「読んだあと、何も手につかなくなる本に出会いたい」――そんな気持ちに応えてくれるのが、多崎礼さんの『レーエンデ国物語』です。
政略結婚から逃げ出した貴族の娘・ユリア。
彼女は英雄と称えられる父・ヘクトルとともに、銀呪病が蔓延する地――レーエンデへと向かいます。
案内役を務めるのは、かつてヘクトルと戦場を共にした元弓兵・トリスタン。彼はすでにこの地に暮らし、静かに命を削られていました。
目的は、シュライヴァとレーエンデを結ぶ交易路の開拓。
しかし、旅の先で彼らを待っていたのは、言葉を失うほどの美しさと、抗いようのない運命の連続でした。
幻想的で切なく、読み進めるほどに胸が締めつけられる――
それでも目が離せない。これは、そんな物語です。
1. 物語の深部へ|ただの「交易路建設」ではない
物語は、父と娘が“道”を作る旅から始まります。けれど、その裏にあるのは、村人に忌み嫌われる風土病・銀呪病、伝承に縛られた不安、密輸団との対立、そして命の選択。
彼らの目的はやがて、“国と国”ではなく“心と心”をつなぐ旅へと変わっていきます。信じること、赦すこと、託すこと。どれも簡単ではないけれど、その一歩が「道」になるというメッセージが静かに響きます。
2. 心に刻まれる情景と演出
満月の夜に浮かび上がる幻の海、森にたたずむ白鹿、水の中を舞うクジラのような生き物。
どれもが目を奪われる美しさで描かれ、脳内に映像が広がっていきます。その幻想的な描写と裏腹に、登場人物たちは深い葛藤や恐怖、喪失に晒されていきます。

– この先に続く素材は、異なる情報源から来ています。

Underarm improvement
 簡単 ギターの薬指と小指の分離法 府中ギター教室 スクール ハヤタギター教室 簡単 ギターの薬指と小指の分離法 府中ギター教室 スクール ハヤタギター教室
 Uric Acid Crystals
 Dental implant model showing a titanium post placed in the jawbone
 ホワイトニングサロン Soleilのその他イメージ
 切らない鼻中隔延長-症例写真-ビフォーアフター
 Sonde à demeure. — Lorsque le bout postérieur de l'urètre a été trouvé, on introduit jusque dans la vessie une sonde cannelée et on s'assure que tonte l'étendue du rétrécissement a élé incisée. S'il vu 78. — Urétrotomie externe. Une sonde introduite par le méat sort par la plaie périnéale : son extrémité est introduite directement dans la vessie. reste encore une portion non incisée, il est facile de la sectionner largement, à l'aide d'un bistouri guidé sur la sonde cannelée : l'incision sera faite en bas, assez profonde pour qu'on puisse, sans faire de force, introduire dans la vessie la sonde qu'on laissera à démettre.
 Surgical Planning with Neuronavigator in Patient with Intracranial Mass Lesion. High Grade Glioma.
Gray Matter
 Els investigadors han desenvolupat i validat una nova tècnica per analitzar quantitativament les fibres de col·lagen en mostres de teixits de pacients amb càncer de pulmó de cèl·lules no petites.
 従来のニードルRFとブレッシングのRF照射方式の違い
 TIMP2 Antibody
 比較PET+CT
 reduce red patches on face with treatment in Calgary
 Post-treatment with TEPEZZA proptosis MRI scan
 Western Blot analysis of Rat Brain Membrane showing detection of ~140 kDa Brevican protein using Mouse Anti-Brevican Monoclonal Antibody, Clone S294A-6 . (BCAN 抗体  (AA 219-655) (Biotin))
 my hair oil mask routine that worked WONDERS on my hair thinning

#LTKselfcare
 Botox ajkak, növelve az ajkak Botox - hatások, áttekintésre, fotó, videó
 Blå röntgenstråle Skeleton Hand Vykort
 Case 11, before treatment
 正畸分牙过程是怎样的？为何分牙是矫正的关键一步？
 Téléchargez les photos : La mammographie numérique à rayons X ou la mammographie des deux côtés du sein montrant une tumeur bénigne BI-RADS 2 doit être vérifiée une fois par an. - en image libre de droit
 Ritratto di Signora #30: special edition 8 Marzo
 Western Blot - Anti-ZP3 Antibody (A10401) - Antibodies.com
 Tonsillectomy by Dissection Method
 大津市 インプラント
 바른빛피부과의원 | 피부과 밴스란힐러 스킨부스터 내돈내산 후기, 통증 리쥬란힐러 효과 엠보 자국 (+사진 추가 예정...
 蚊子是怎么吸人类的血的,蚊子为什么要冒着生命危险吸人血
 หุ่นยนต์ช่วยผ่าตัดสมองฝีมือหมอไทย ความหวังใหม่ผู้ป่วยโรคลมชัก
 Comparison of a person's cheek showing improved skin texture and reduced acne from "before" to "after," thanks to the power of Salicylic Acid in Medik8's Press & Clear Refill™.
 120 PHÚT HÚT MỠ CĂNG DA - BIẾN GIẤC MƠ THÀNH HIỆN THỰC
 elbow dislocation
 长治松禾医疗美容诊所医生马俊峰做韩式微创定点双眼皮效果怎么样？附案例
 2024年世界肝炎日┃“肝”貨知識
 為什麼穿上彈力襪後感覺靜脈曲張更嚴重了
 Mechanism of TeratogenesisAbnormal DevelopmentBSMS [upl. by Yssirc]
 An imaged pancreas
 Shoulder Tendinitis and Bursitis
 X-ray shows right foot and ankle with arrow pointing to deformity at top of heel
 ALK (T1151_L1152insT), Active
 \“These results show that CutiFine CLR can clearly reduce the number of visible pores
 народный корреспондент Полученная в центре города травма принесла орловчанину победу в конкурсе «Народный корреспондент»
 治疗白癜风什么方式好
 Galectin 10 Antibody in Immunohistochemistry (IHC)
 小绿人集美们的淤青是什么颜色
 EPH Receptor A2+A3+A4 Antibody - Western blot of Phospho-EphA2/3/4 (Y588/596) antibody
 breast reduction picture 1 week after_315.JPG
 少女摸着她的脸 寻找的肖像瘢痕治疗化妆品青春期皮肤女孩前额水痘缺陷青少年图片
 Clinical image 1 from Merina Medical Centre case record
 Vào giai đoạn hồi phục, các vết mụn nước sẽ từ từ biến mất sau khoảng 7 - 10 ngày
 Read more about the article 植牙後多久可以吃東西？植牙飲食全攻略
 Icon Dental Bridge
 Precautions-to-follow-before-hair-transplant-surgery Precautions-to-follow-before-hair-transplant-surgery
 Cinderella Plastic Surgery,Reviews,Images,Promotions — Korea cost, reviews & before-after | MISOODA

文章を読むだけで、光と影が交差するような空気を感じる。映像化されていないことが、むしろ想像力を最大限に引き出してくれるのです。
3. ユリア、ヘクトル、トリスタン――三人の絆
- ユリアは、無垢さと芯の強さを併せ持つ少女。やがて母になり、逃げずに選択していく姿に勇気をもらいます。
- ヘクトルは、豪放な英雄でありながら、娘と仲間のために不器用に愛を示す父。彼の変化は、親子の距離感に悩む読者にも刺さるでしょう。
- トリスタンは、静かに人生を終えようとする青年。しかし、彼の一途な思いはユリアの心を揺らし、物語全体に深い陰影を落とします。
彼らの関係性は、言葉にせずとも伝わる“情”が詰まっていて、読者の心をそっと掴んで離しません。
4. 村の狂気と、静かな祈り
『レーエンデ国物語』は、幻想的な世界のなかに、現実社会にも通じるテーマを忍ばせています。
伝承が偏見になり、やがて暴力に変わる――それは決して遠い国の話ではありません。ユリアをかばったトリスタンが追放される場面や、かつての隣人たちが襲いかかる描写には、言葉を失うようなリアルさがあります。
けれど、その中でも誰かが誰かの手を握る場面がある。そこにこそ、読者の心が救われるのです。
5. 読後に残るのは、問いと灯り
この物語は“答え”をくれるわけではありません。でも、確実に“問い”を残してくれます。
「もし自分だったら、誰かを守れただろうか」 「奪われると知っていても、希望を選べるだろうか」
ユリアが命を懸けて守ろうとした子ども・エールデ。その存在に、読者もまた何かを託したくなる。誰かの未来のために、ほんの少しでも希望をつなぎたくなる。そんな、静かな灯が胸にともる読書体験です。
6. だから、あなたにも読んでほしい
これは、ただの異世界ファンタジーではありません。
- ファンタジーが苦手な人にも伝わる物語
- 読んだあと、心が温かくも切なくなる物語
- 誰かを守りたいと願ったことがある人へ贈る物語
『レーエンデ国物語』は、あなたの中にある“まだ名前のない感情”に静かに触れてくれるはずです。読書が好きな人はもちろん、今何かに迷っている人、誰かのために強くなりたいと思っている人にこそ読んでほしい。
7. さいごに|物語に“帰る”という感覚
本を閉じたあと、放心するほどの読書体験。けれど、心のどこかでは「またレーエンデに帰りたい」と思っている自分がいる。
シリーズ続刊があると知った時の、嬉しさと切なさ。そして、これからもずっとこの世界と繋がっていたいという願い。そんな感覚が、この一冊に詰まっています。
どうか、あなたもこの旅を歩いてください。レーエンデという異世界が、あなたの心にとっての「現実」になるかもしれません。